The invention discloses an image recognition method based on deep course learning, which belongs to the field of image recognition and comprises the following steps: constructing teacher and student networks based on the deep convolutional neural network; training the teacher network by using the training samples to carry out image classification training, and predicting the probability that the training samples belong to each category; calculating the difference between the prediction and the label of the teacher network to update the parameters; transmitting the forecast information to a student network; training a student network; guiding the student network training by using the prediction information result of the teacher network; calculating a difference update parameter between a student network prediction result and a label; completing student network classification training; the training student network realizes the identification and classification of the images. The invention simulates the process of easy-to-get-difficult learning of human beings, has reasonable training process, greatly reduced workload and quick network parameter updating, and has higher prediction precision and more reliable and stable performance due to the influence of gradient difference unbalance samples generated by different samples.

Description

Image recognition method based on deep course learning
Technical Field
The invention relates to the technical field of image recognition, in particular to an image recognition method based on deep course learning.
Background
Due to the large increase in computational power and the increase in training data, the training conditions of the deep neural network are satisfied, and due to the strong fitting capability, the deep neural network achieves the best effect in many tasks. However, since parameters of the deep neural network are updated based on a large number of samples, the samples play a critical role in the training process. Therefore, the training work intensity is high, the training process is complex, and the parameter updating of the deep neural network is slow.
Meanwhile, the deep convolutional neural network calculates the gradient of each parameter according to the prediction result of the training sample and the correctly classified labels by the deep convolutional neural network, and then the generated gradient is used for updating the network parameters.

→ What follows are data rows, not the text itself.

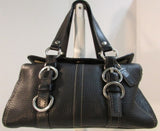 Coach Black Pebble Leather Chelsea Turnlock Satchel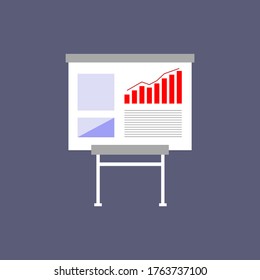 Info with growth chart on flip board, vector illustration
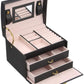 Portable Travel Jewelry box with three-layer PU leather storage box, mirror and lock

In the prior art, the difference between the predicted result and the correct labeling is large, so that the deep convolutional neural network is punished, and the true labeling result cannot be fitted.
Therefore, an image recognition method which is simple in training process, fast in parameter updating of the deep neural network and capable of fitting the real labels of the images is urgently needed.
Disclosure of Invention
The invention aims to provide an image recognition method which has simple training process, fast parameter updating of a deep neural network and capability of fitting the real annotation of an image, and the invention comprises the following steps:
an image recognition method based on deep course learning comprises the following steps:
s10, constructing a teacher network and a student network based on a deep convolutional neural network;
s20, performing image recognition and classification training on the teacher network by using a training sample; the teacher network learns the training samples and predicts the probability that the training samples belong to each category;
s30, calculating the difference between the prediction information result of the teacher network and the training sample label by using a cross entropy loss function, and updating the parameters of the teacher network;
s40, transmitting a predicted information result of the training sample to the student network by the teacher network;
s50, performing image classification training on the student network by using the same training sample;
s60, guiding the student network to train by taking a predicted information result of the teacher network on the training sample as a judging basis of difficulty level;
s70, calculating the difference between the student network classification prediction result and the training sample label by using a BLCL loss function, and updating parameters of the student network;
s80, completing the student network classification training;
and S90, based on the training-completed student network, the identification and classification of the images are realized.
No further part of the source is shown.